= Terry, South Dakota =

Unincorporated community in South Dakota, US

Terry is an unincorporated community in Lawrence County, South Dakota, United States.

==History==
The Black Hills are home to many gold deposits. The gold around Terry was non free milling, or visible to the eye, and required more processing to be viable. In the 1880s, a smelting and chlorination plant was built in nearby Deadwood and miners moved to what became Terry. The town was home to the Golden Reward mine, which was created 1887 to take advantage of the advances in gold ore processing. A spur of the Deadwood Central Railroad was built to serve the mines and ran from 1890/1891 to 1918.

A post office called Terry was established in 1892, and remained in operation until it was discontinued in 1929. The community took its name from nearby Terry Peak. The town had its peak between 1900 and 1910, with almost 1,200 residents.
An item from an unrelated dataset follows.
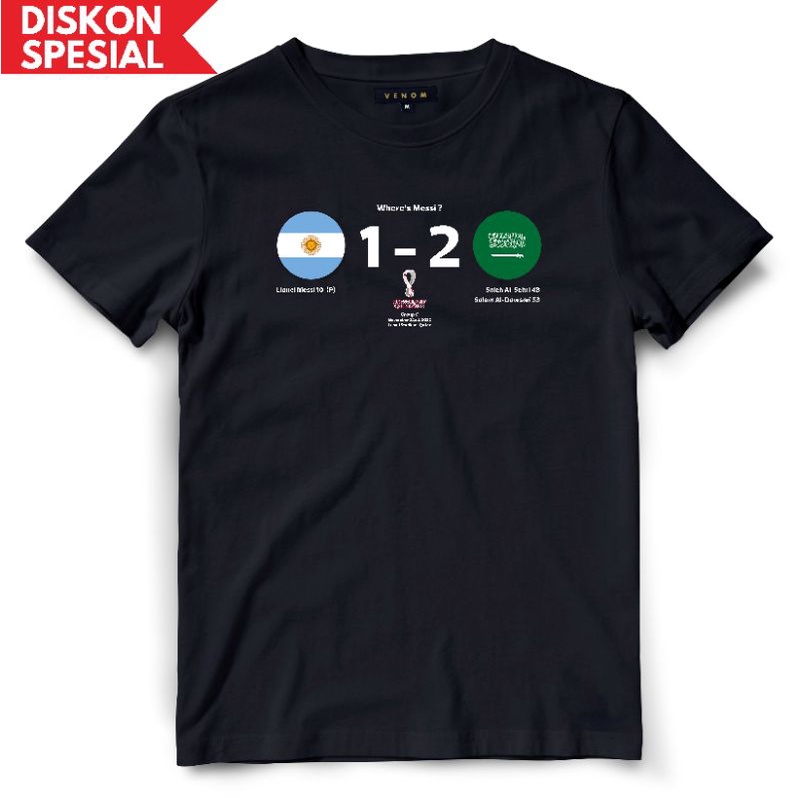 Jual Kaos Argentina Vs Arab Saudi Piala Dunia World Cup Qatar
The town was built organically along the sides of the gulch.

Martha Jane Cannary, the frontierswoman better known as Calamity Jane, died in Terry on Saturday, August 1, 1903, from inflammation of the bowels and pneumonia, at the age of 51. Philip Graham, husband of Katherine Graham and former publisher of the Washington Post was born in Terry.

The area which the town sat on is privately owned by the Coeur Mining company, which also owns the nearby Wharf Mine, and is currently closed off to the public.